We can make a distinction between amenity grass and turfgrass / sports turfgrass surfaces as follows:

Amenity grass
Amenity grassland surfaces can be defined as “all grass with recreational, functional or aesthetic value and of which agricultural productivity is not the primary aim”. Amenity grass does not cover grass surfaces used for sporting activities.

This amenity grass definition can be further expressed as that which “improves the quality of an area by contributing to the physical or material comfort of users (as places to picnic, walk, engage in leisure pursuits etc), and which increases the attractiveness or value of its geographic location.”
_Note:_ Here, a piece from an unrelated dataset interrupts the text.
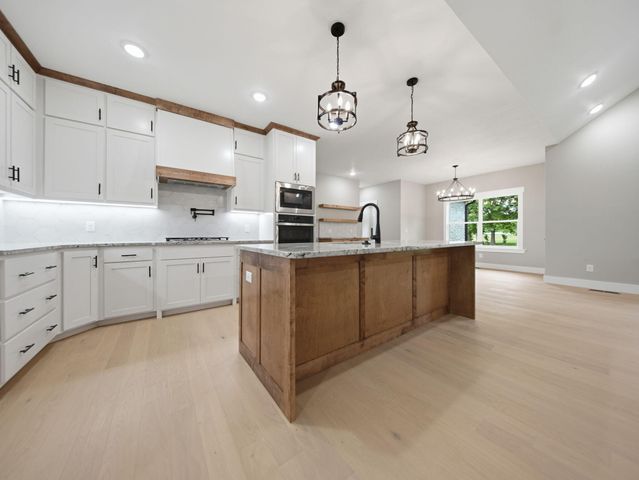 5300 N Seacrest Drive, Ozark, MO 65721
Turfgrass / Sports turfgrass
Turfgrass surfaces can be either amenity turf or sports turf surfaces. Turfgrass surfaces are those which persist under mown (by mechanical means) situations, routinely provide good ground coverage, survive traffic, and where used for sports provide a satisfactory and safe playing surface.

All sports turf surfaces are turfgrass surfaces, however, not all amenity surfaces can be classed as turfgrass surfaces as they do not meet all the required criteria.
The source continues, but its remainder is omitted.